More and More bizarre by the minute in FL.... Nov 12, 2000 - 01:05 AM 
  As if Things in Florida Need to Be Any Stranger ...  By Deborah Hastings The Associated Press ap.tbo.com
  WEST PALM BEACH, Fla. (AP) - As if things needed to be any stranger, the undecided presidential election slipped into worse chaos at the Palm Beach County Governmental Center, site of the much-awaited hand count.  Besieged election workers were supposed to eyeball tiny holes in hundreds of ballots beginning at 9 a.m. But as the nation looked on, no one was looking at voter cards. Instead, GOP presidential candidate George W. Bush filed a federal lawsuit seeking to halt it. 

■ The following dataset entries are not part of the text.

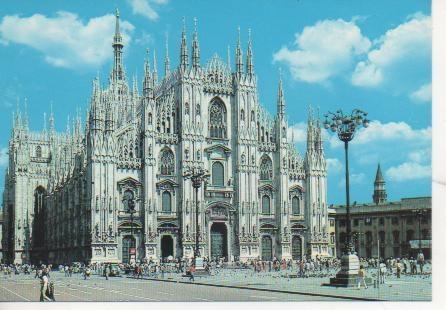 Postal E02252: Catedral de Milán, Italia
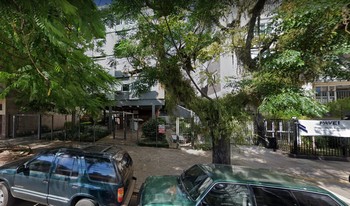 Imagem de fundo do condomínio Condomínio Paco Dos Braganca - São João - Porto Alegre - RS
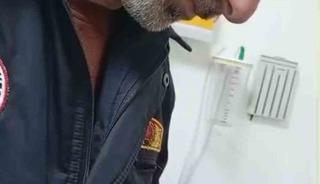 Sıkışan y&uuml;z&uuml;k itfaiye ekiplerince &ccedil;ıkarıldı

  At issue in this county heavily populated by the elderly are voters who sobbed and signed petitions claiming last Tuesday's newly designed ballots were so indecipherable they voted for the wrong person. 
  Specifically, they feared they marked Reform Party candidate Pat Buchanan instead of Democrat Al Gore. At 2 p.m., just as the 82-page lawsuit was faxed to West Palm Beach and handed to election officials, the recount finally began. 
  No matter the lawsuit, the officials said. No restraining order was issued demanding they stop. On with business. 
  "All of you can file for injunction, but until we get a court order, it doesn't mean anything," said Palm Beach County Judge Charles Burton, who is named as a defendant because he also is one of the county canvassing commission's three members. 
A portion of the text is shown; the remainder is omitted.